> _Your goal_
Transcribe the lines of the records starting with the one that has "LAND ROVER RANGE" in it and ending with the last, and transcribe nothing else.

**** Exercise data ****

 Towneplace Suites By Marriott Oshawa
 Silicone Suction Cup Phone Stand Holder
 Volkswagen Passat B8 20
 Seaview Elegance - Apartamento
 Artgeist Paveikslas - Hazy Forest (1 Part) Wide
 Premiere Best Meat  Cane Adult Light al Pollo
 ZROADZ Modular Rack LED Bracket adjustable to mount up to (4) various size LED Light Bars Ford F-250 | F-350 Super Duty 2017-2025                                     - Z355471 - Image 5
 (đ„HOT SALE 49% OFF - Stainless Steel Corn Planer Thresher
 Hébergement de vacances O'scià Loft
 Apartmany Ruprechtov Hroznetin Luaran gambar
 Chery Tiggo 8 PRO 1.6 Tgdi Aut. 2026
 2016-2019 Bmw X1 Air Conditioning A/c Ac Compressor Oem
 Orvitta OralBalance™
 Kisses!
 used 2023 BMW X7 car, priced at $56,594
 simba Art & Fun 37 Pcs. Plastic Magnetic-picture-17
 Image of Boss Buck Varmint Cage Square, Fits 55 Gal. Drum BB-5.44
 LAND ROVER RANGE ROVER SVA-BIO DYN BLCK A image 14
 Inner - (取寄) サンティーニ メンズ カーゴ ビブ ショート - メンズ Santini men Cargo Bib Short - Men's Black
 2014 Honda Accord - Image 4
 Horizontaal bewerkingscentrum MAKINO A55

****

> _Finished task_
 LAND ROVER RANGE ROVER SVA-BIO DYN BLCK A image 14
 Inner - (取寄) サンティーニ メンズ カーゴ ビブ ショート - メンズ Santini men Cargo Bib Short - Men's Black
 2014 Honda Accord - Image 4
 Horizontaal bewerkingscentrum MAKINO A55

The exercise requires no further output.